In reality, Trump’s catastrophic mismanagement of the coronavirus itself was a big reason the lockdowns were so severe. But drawing that link is a challenge. And so, the most brutal ad from the Never Trumpers at the Lincoln Project connects scenes of dismal economic devastation to mounting coronavirus carnage.
This ad triggered an epic Trump meltdown precisely because it hit him squarely in his political kidney — the weak point at which Trump is struggling to keep his remaining lifeline from getting dragged under with the anchor of his epic failures.
Other ads have aimed for this weak spot. This one from American Bridge connects Trump’s refusal to level with us about the coronavirus — an indictment of his incompetence and depraved prioritization of himself over all else — to Trump’s inability to understand ordinary Americans’ economic struggles.
These unique circumstances are in tension with the (supposed) iron law of politics — that presidents are held responsible for economic conditions on their watch. Some Democrats noted that the latter factor actually is exerting itself: New Democratic polling finds only 47 percent give him high marks for the economy.
Another possibility: A sizable chunk of voters approves of Trump on the economy but still disapproves of his overall performance, showing (as several strategists noted) that other conditions are weighing more heavily amid the pandemic and mass civil unrest.
“This doesn’t look like an election that will be about the economy exclusively,” Pollock told me.
The China syndrome
Then there’s China. One Democratic strategist with extensive Rust Belt experience told me that many voters understand China as a kind of catch-all for large economic forces that threaten their livelihoods and over which they feel little control.
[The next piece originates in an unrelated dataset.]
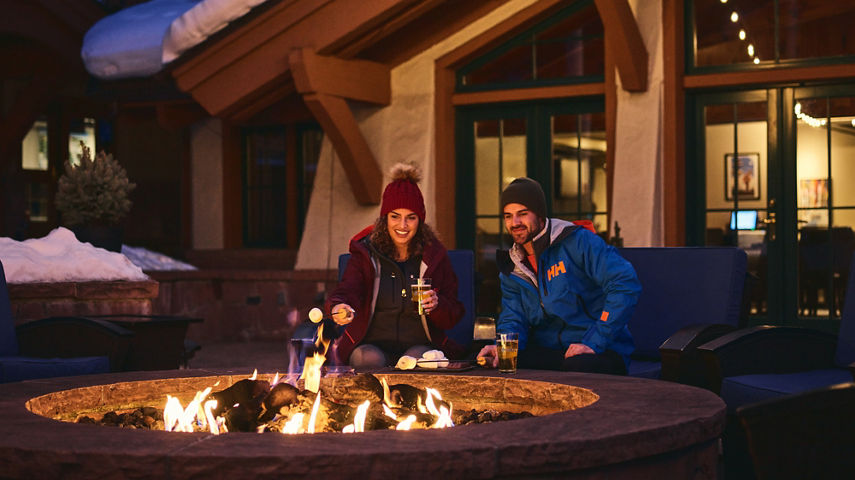 Couple sits by fireplace at The Lodge at Vail
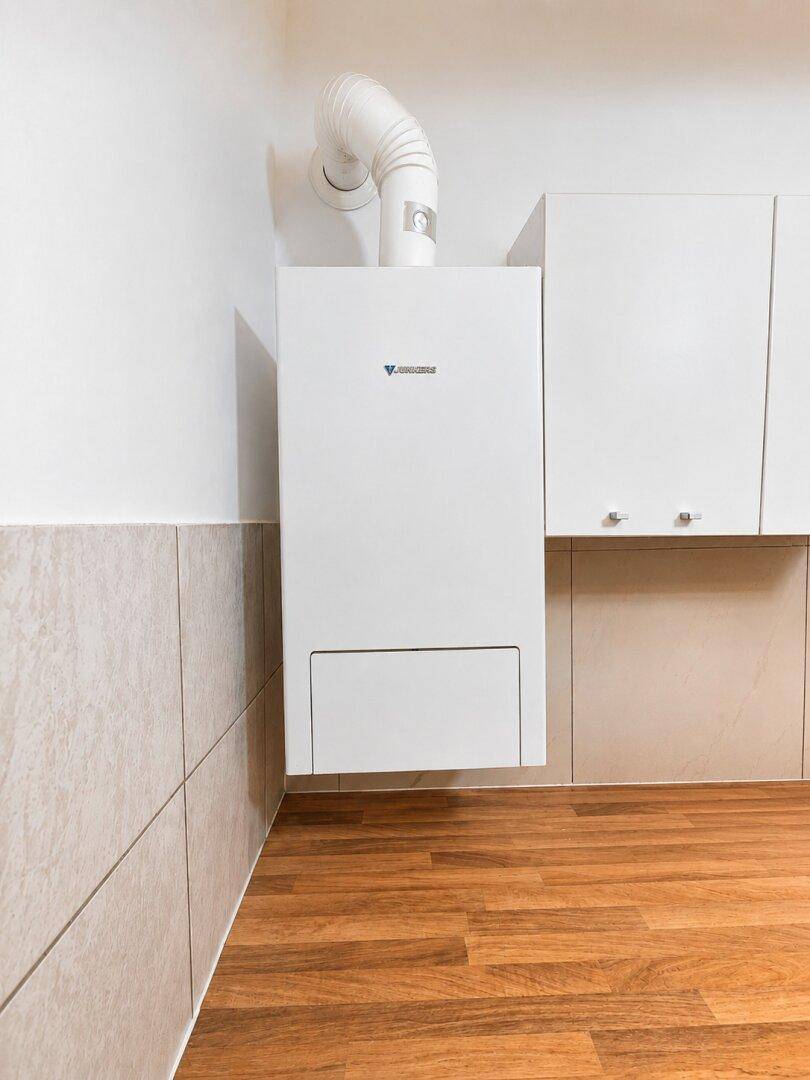 Nahaufnahme einer Gastherme über einer Holzarbeitsplatte in der Küche.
Trump’s oft-advertised “toughness” on China is really understood as his willingness to bust up the furniture to protect them from those forces.
To undercut these impressions, the Democratic National Committee is running ads in the industrial Midwest that pillory Trump for having “lost the trade war that he started" and getting “played” by China, clobbering farmers and resulting in a manufacturing recession.
In the shadow debate unfolding here, then, this is less about China policy than about connecting people’s real-world experiences of the economy — including the disastrous effects of Trump’s trade wars, but not limited to them — to general impressions that Trump is ineffective, reckless and incurably self-absorbed, which voters already believe.
Ultimately, it’s up to Biden
Biden advisers recently told the Associated Press that he will unveil new economic plans in coming weeks, targeted at the vast inequalities that were both revealed by coronavirus and will long outlast it.
Democrats have started running ads in the Rust Belt that share new information about Biden’s connections to the middle class and his experience in government (he helped lead President Barack Obama’s economic recovery), which seem designed to establish Biden’s values as a foundation for specific agenda items to come.
But a lot will turn on how ambitious Biden’s actual agenda proves, and whether it demonstrates a break from the incremental centrism of his past, which Biden himself has been eager to signal.
“It’s clear now that degrading Trump’s standing on the economy is a very high strategic priority,” Democratic strategist Simon Rosenberg told me, adding that Biden’s record with Obama will prove a solid foundation for such efforts.
“This is a Trump advantage that Biden should be able to take away,” Rosenberg said.
Given that Trump’s central message that the “American comeback” is already underway depends on pretending that the coronavirus has been solved —even as it’s now all but certain to continue spiking, potentially requiring new lockdowns — this is probably what will happen.